Ma chi sono i nostri defunti? Chi sono i santi? La lettura dell’Apocalisse, raccontandoci la visione avuta da Giovanni, ci ricorda che essi sono coloro che hanno lavato le loro vesti nel sangue dell’agnello. Ne possiamo fare una lettura simbolica, tipica del testo e dell’epoca della sua scrittura: la veste è la vita stessa, l’abito e l’abitudine che fa della vita di ciascuno la sua identità, il suo essere riconoscibile non solamente per nome e cognome, ma primariamente come figlio o figlia di Dio; il lavaggio nel sangue dell’agnello significa che proprio la vita stessa è stata a stretto contatto con il sacrificio di Gesù (proprio quello che celebriamo nel sacrificio eucaristico), divenendo essa stessa sacrificio vivente gradito a Dio. Così possiamo leggere e rileggere la nostra vita e le vita di chi ci ha preceduto: quale vita sto vivendo? Mi considero davvero figlio/figlia di Dio? Quale partecipazione al sacrificio di Gesù ho sperimentato o sto sperimentando? Sento che il donarsi a me di Gesù mai rinfranca e mi guida, mi dà certezza di essere amato e salvezza?
Per non cadere, però, nella tentazione o nel difetto del moralismo (ossia considero la mia fede come qualcosa che devo fare, devo raggiungere, devo sforzarmi di…) ci viene incontro il testo Paolino della lettera ai Romani.
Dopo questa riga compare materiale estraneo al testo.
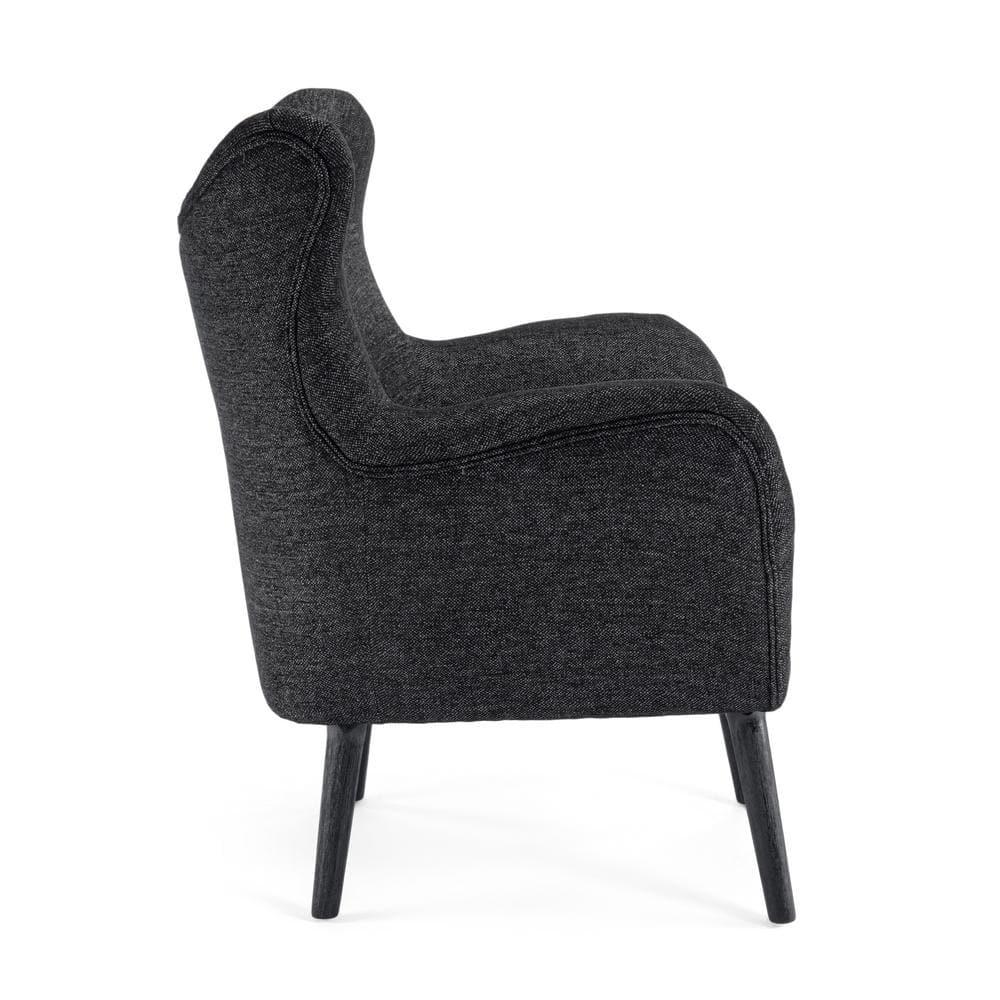 Noble House Edenbrook Fabric Wingback Club Chair, Black Textured Tweed and Black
Con parole forti Paolo ci ricorda che noi siamo più che vincitori in virtù di colui che ci ha amato, cioè Cristo Gesù. Solamente il nostro essere discepoli, solamente il nostro affidarci a Lui, solamente la continua decisione a seguire Lui e non il Nemico… Tutto ciò ci fa sperimentare la grazia di sentirci amati, protetti, guidati, corretti, mai soli. Ma qual’è il vero cammino dei credenti? L’Apostolo lo ricorda: anzitutto noi siamo oggetto di una conoscenza profonda da parte del Padre; in secondo luogo siamo predestinati ad essere come Gesù; in terzo luogo ci sentiamo chiamati dal Maestro alla sequela e alla conversione; in quinto luogo questa chiamata è una chiamata irrevocabile che ci giustifica, una volta per tutte; infine il cammino si complice nella gloria del Padre, proprio come Gesù, proprio come i santi, proprio come i nostri cari.
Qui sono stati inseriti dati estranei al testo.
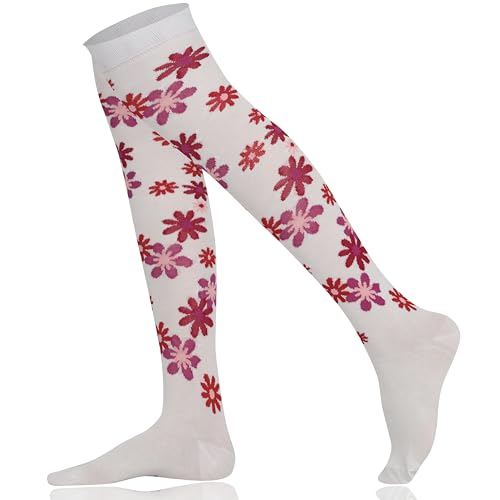 Mysocks Über das Knie Socken Blume Entwurf Sahne Burgund Magenta Blumen von Mysocks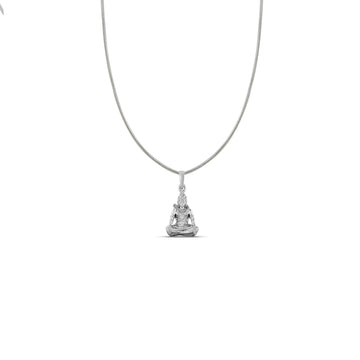 God Shiva Silver Chain Pendant(92.5% purity) by Akshat Sapphire Shiva Chain Pendant for Kids (Upto 4 years) & Woman (Snake Chain: 12 Inches)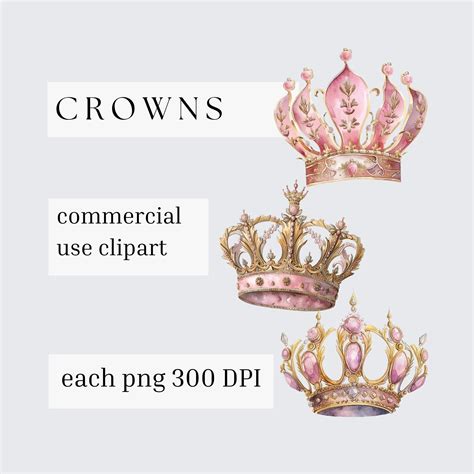 Gold Crown Clipart, Rose Gold Crown Clipart, Fantasy Cliparts, Crown Clipart. Instant Download ...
Come vedere allora le beatitudini? Come possiamo comprenderle? Non come uno sforzo, non come un impegno, ma come un dono. La prima beatitudine e l’ultima rispondono ad una promessa presente: chi è povero in spirito ha già, in se stesso, il regno di Dio, cioè comprende e sente la Presenza misteriosa del Padre nella sua vita; chi è perseguitato per la giustizia, cioè chi è stato tradito dai rapporti umani, vive anch’esso la consolazione di sapere e sentire la Presenza del Padre. Tutte le altre beatitudini riguardano il futuro, la promessa della gloria e della comunione dei santi. Gesù sembra dirci, in sostanza, che solamente se viviamo in povertà di spirito, cioè aperti all’opera della Trinità e poco inclini a dare seguito a noi stessi, se viviamo anche nella tribolazione di non comprendere e non essere compresi, cioè perseguitati per la giustizia, allora potremo iniziare a gustare quella condizione futura che è la Chiesa celeste.
Insomma, non la garanzia di una vita tranquilla, ma la promessa di sentire quella pace interiore che frutto di una fede radicata sulla terra ma che guarda il cielo.